Deteriorating COPD – how to escalate treatment and move to palliative care
Clinical conundrum: GPSI in respiratory medicine Dr Andrew Powell discusses a patient with a 20-year history of COPD who is struggling with worsening symptoms and has had three recent exacerbations requiring admission, exploring the appropriate treatment options and how to initiate palliative care
An 84-year-old man requests a home visit to discuss his breathing. He has recently been discharged after his third admission in recent months with an exacerbation of COPD. He was diagnosed 20 years ago and finally managed to give up smoking three years ago, though he feels his symptoms have worsened since. He takes a LAMA/LABA/ICS combination inhaler, but doesn’t think this helps much, is getting fed up with his trips to the hospital and wants to know what more you can do to help him. His daughter points out that the oxygen they administer at hospital seems to help, and wonders if this could be given at home.

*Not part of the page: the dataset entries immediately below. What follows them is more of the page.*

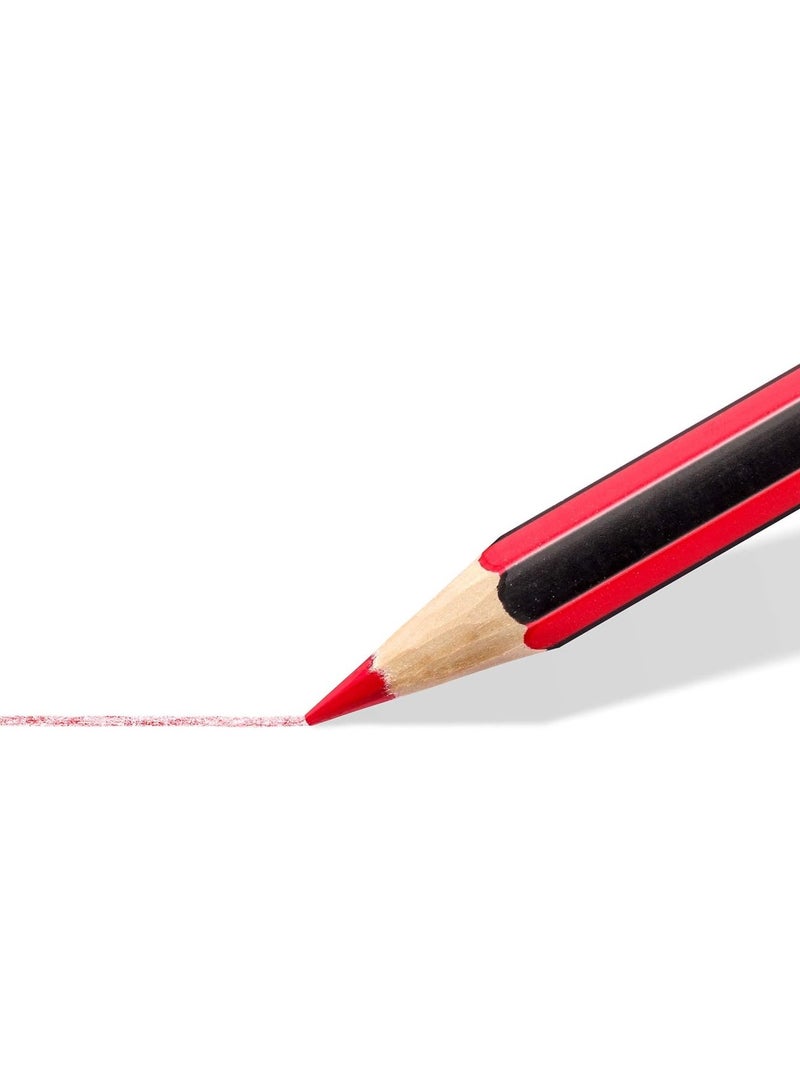 STAEDTLER 12-Piece Noris Colouring Pencils In Metal Cylinder Box Multicolour - Image 5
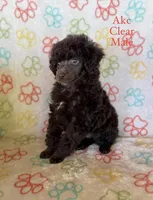 Brown Mlae , a male Poodle - Toy  for sale in Whatley, AL – Photo 2 of 2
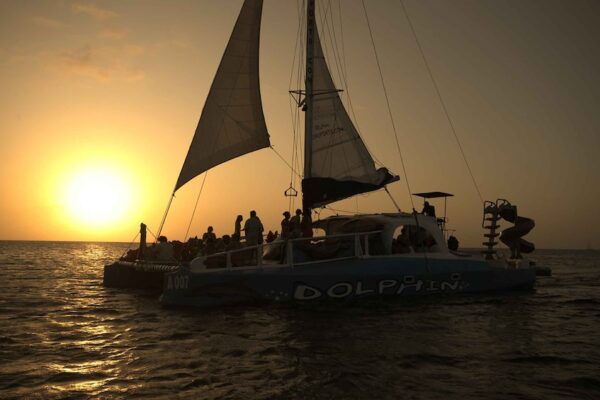 Dolfijn Sunset Avontuur op de Catamaran (Aruba) - Afbeelding 3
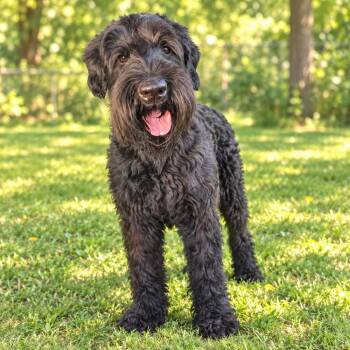 Wilson -  Giant Schnauzer Dog for Adoption - Wilson | PetCurious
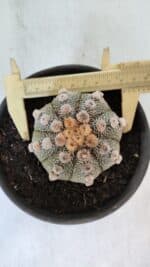 ASTROPHYTUM ASTERIAS Nº 865 – vaso 15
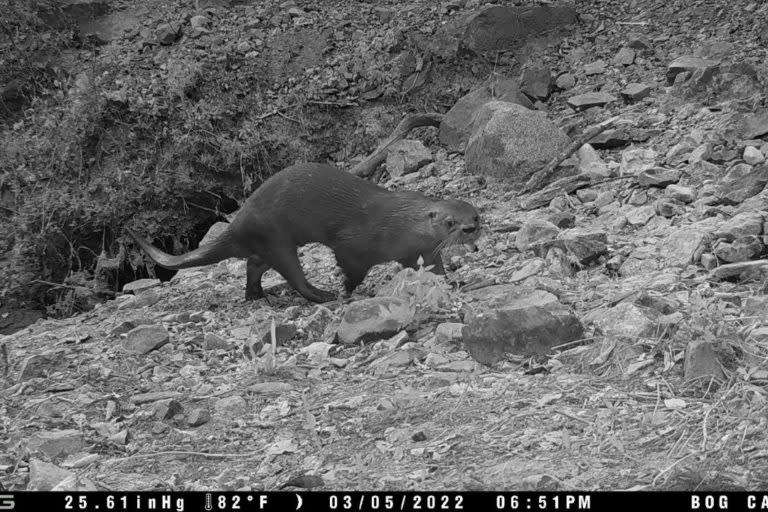 Nutria captada en la Sierra de Quila. Foto: Cortesía Conanp.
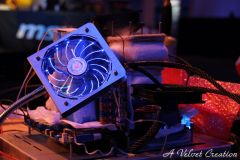 IMG_6739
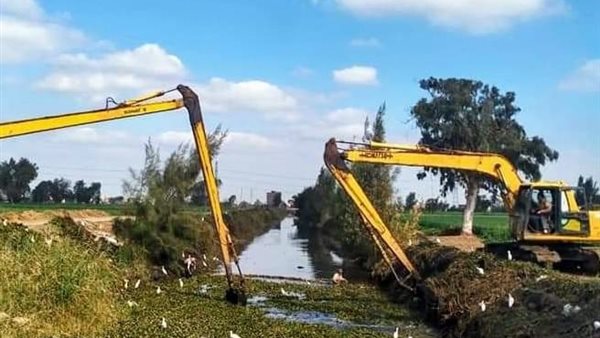 جانب من الحملة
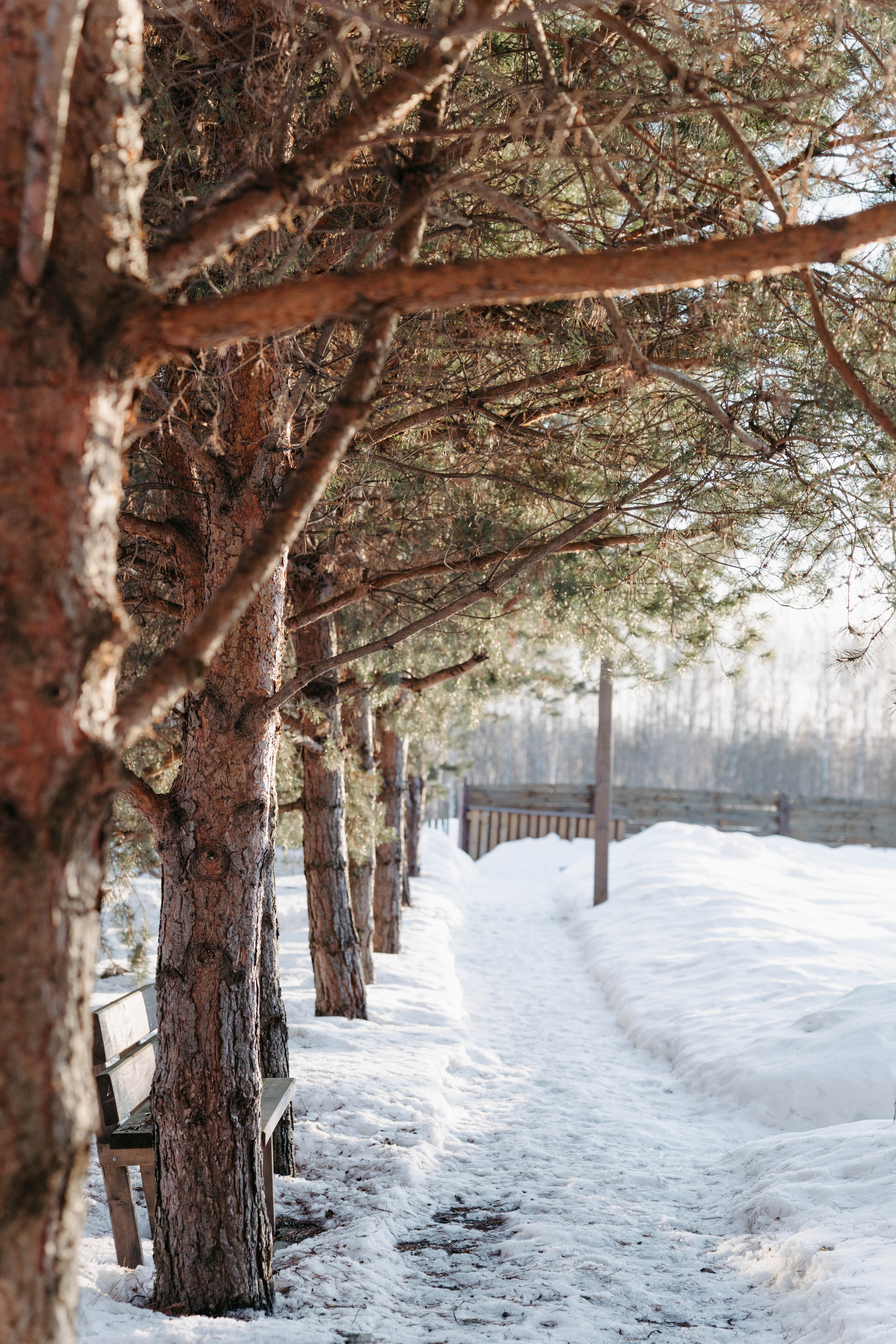 Междуречье|Экоотель. Фотограф Абакумова Анастасия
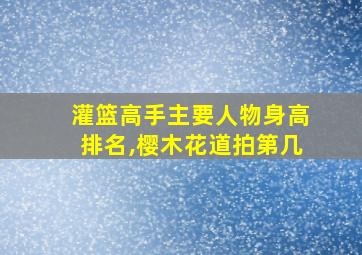 灌篮高手主要人物身高排名,樱木花道拍第几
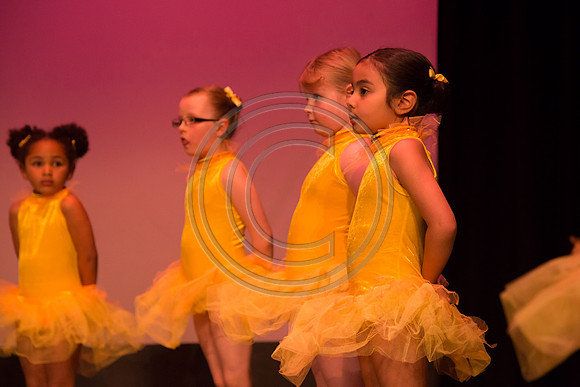 161-Cast C - Born to Dance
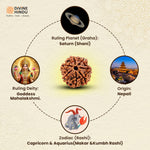 Buy 7 Mukhi Rudraksha | 7 Mukhi Rudraksha | Rudraksha 7 Mukhi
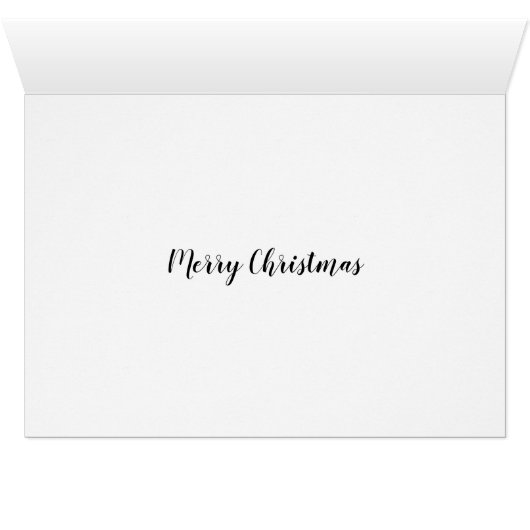 kerstschildpad (Binenzijde Horizontaal (Onderkant))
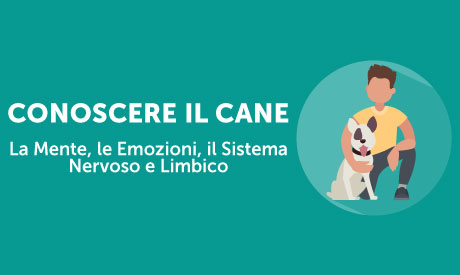 Corso-Online-Conoscere-il-Cane-La-Mente-le-Emozioni-il-Sistema-Nervoso-e-Limbico-Life-Learning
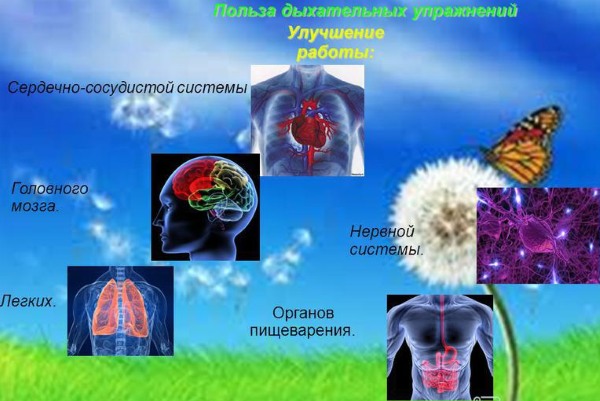 Дисање за мршављење стомака и бокова. Вежбе дисања Бодифлек, вакуум за жене и мушкарце Марина Корпан, Стрелникова, Бутеико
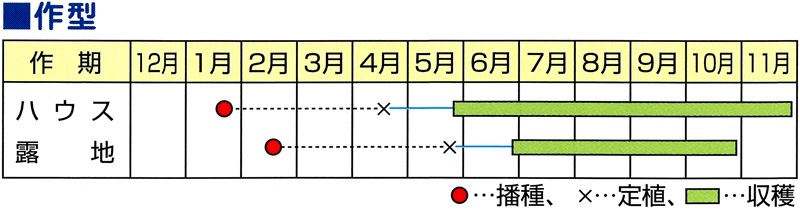 小林種苗 ナス種子 くちどけ茄子(豊潤)＊種子有効期限2026年10月末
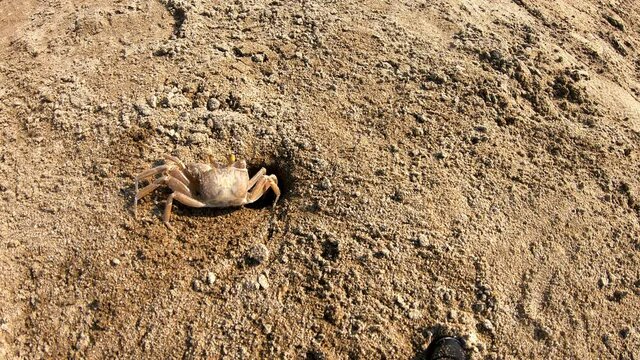 Tiny cute crab on sandy seaside digging mink or burrow. Small sea animal walking on seashore and dig hole in sand on beach. Wile nature behaviour. Closeup view. No people. Exotic nature near ocean.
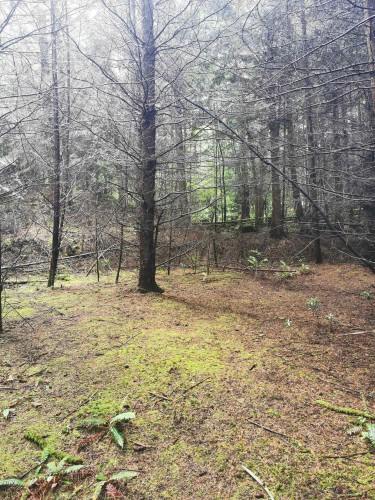 706 Fernhill Road, Mayne Island, BC 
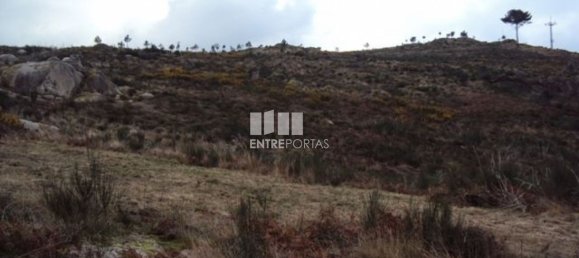 48000m² Land in Marco de Canaveses, Portugal No. 56220 2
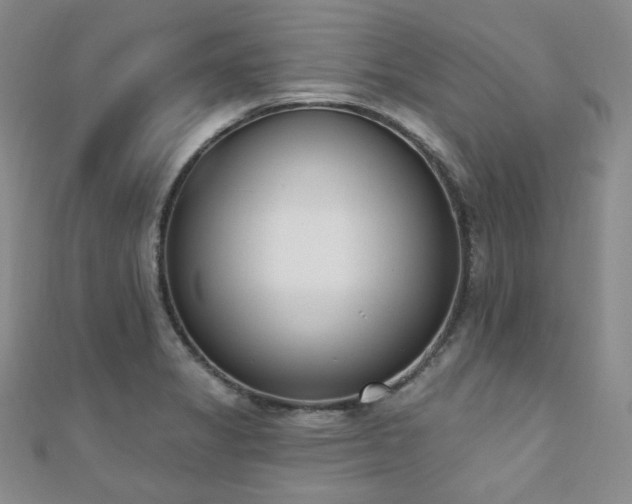 X0000110741325200906151055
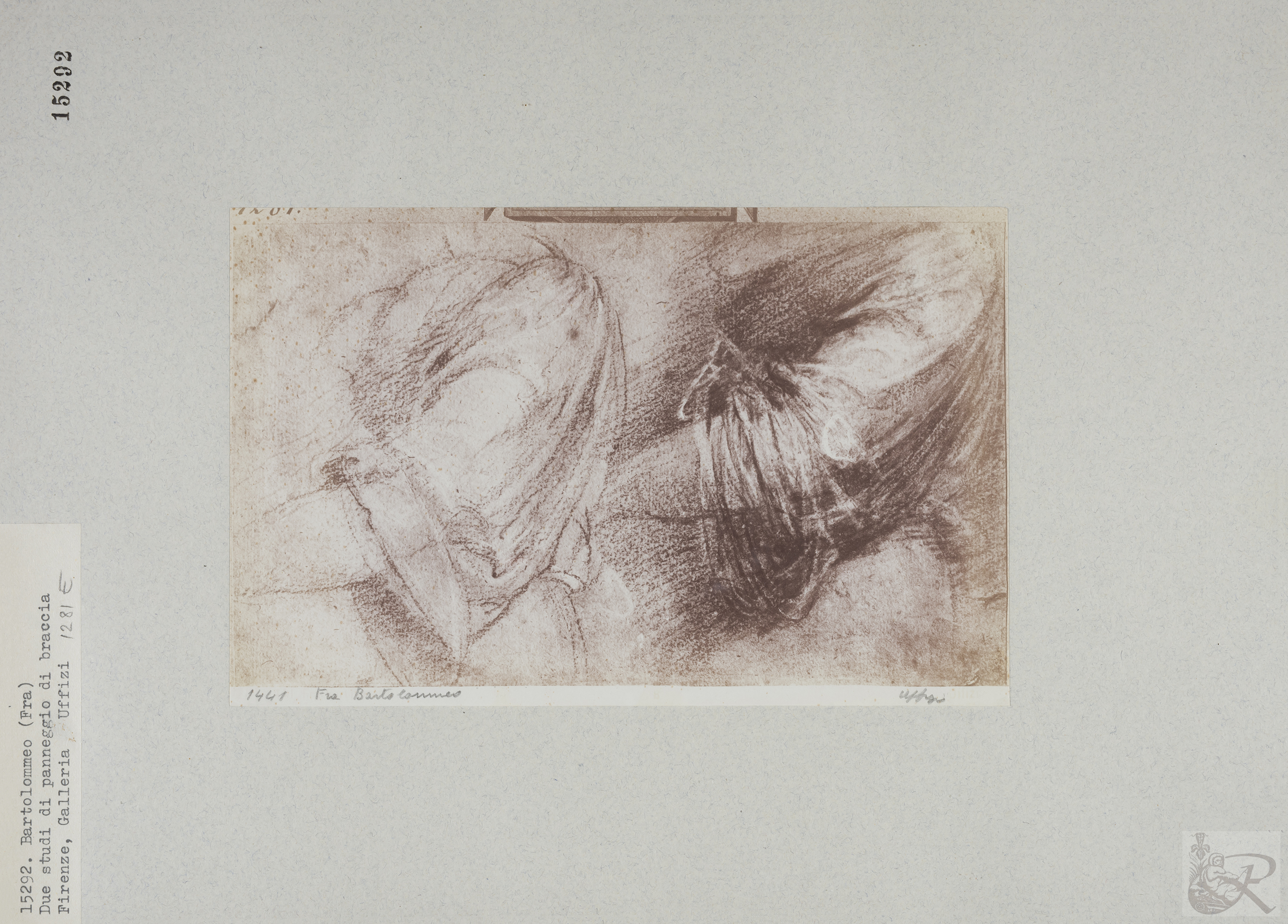 Immagine di anteprima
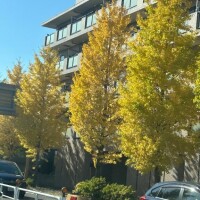 貴方に会いたい🩷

In a situation like this, what further treatment escalation can be offered? What other diagnoses, contributory factors and complications should the GP consider?
COPD exacerbations carry significant morbidity and mortality. The patient has stopped smoking, which is incredibly important. You would want to ensure that he has the annual ‘flu’ jab, has had the pneumococcal vaccine, the RSV vaccine and appropriate Covid vaccines. Check his inhaler usage and technique. If he can generate a good inspiratory flow (which can be assessed with an In-Check DIAL device), then a dry powder inhaler might be appropriate; otherwise, a metered-dose inhaler with a spacer is preferable.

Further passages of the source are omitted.